— GIVEN INFORMATION —
══════

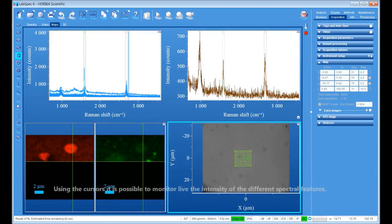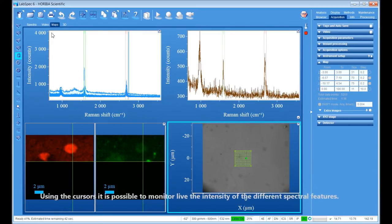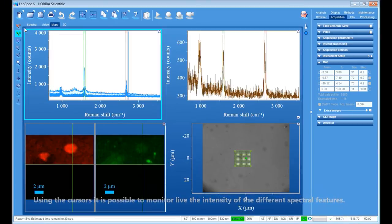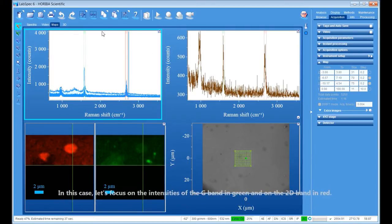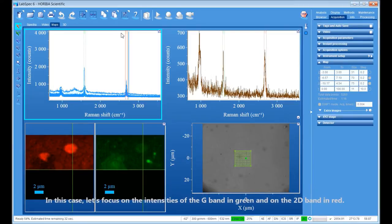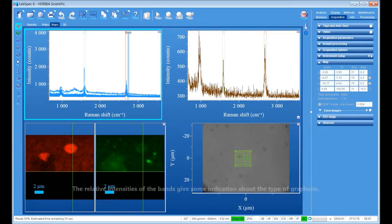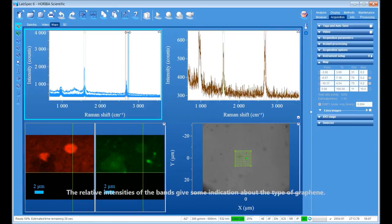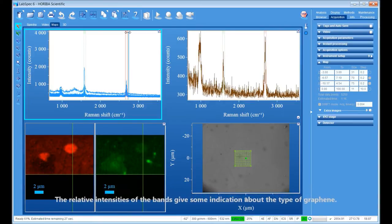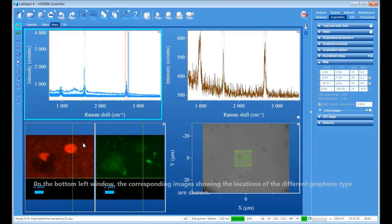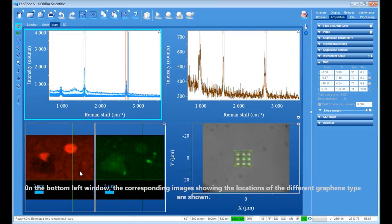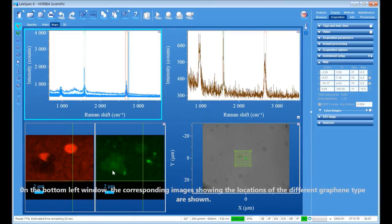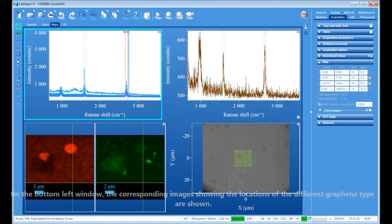Using the cursors, it is possible to monitor live the intensity of the different spectral features. In this case, let's focus on the intensities of the G band in green and the 2D band in red. The relative intensities of the bands give some indication about the type of graphene. On the bottom left window, the corresponding images showing the locations of the different graphene types are shown.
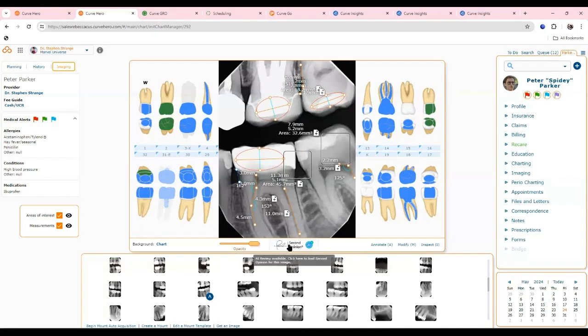There's also an integrated partnership with Perl AI Second Opinion — an AI caries detection system. When you partner with them, a button in the charting area pushes all your images into the Perl Second Opinion system. It's a separate add-on cost — something you choose to add à la carte. It integrates inside Curve to make it easy to toggle between the systems.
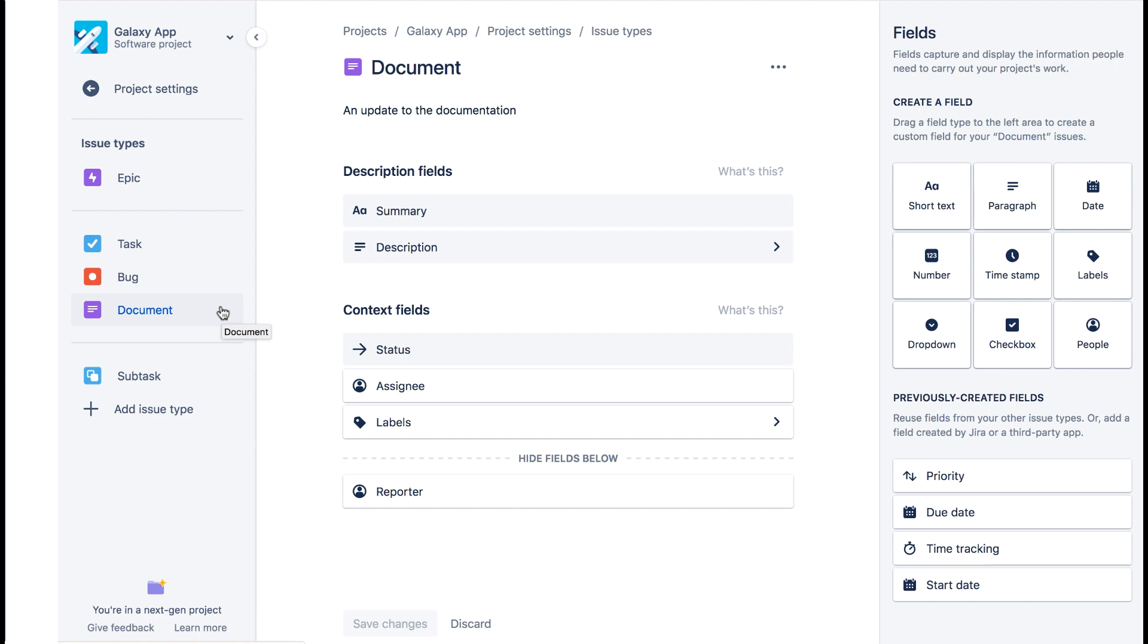Now let's add some fields to issue types. Let's start with a bug issue type.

══════

— TASK REQUIREMENTS —
Here the job is to print all the data exactly, skipping any image.

— YOUR SOLUTION —
Using the cursors, it is possible to monitor live the intensity of the different spectral features. In this case, let's focus on the intensities of the G band in green and the 2D band in red. The relative intensities of the bands give some indication about the type of graphene. On the bottom left window, the corresponding images showing the locations of the different graphene types are shown.
There's also an integrated partnership with Perl AI Second Opinion — an AI caries detection system. When you partner with them, a button in the charting area pushes all your images into the Perl Second Opinion system. It's a separate add-on cost — something you choose to add à la carte. It integrates inside Curve to make it easy to toggle between the systems.
Now let's add some fields to issue types. Let's start with a bug issue type.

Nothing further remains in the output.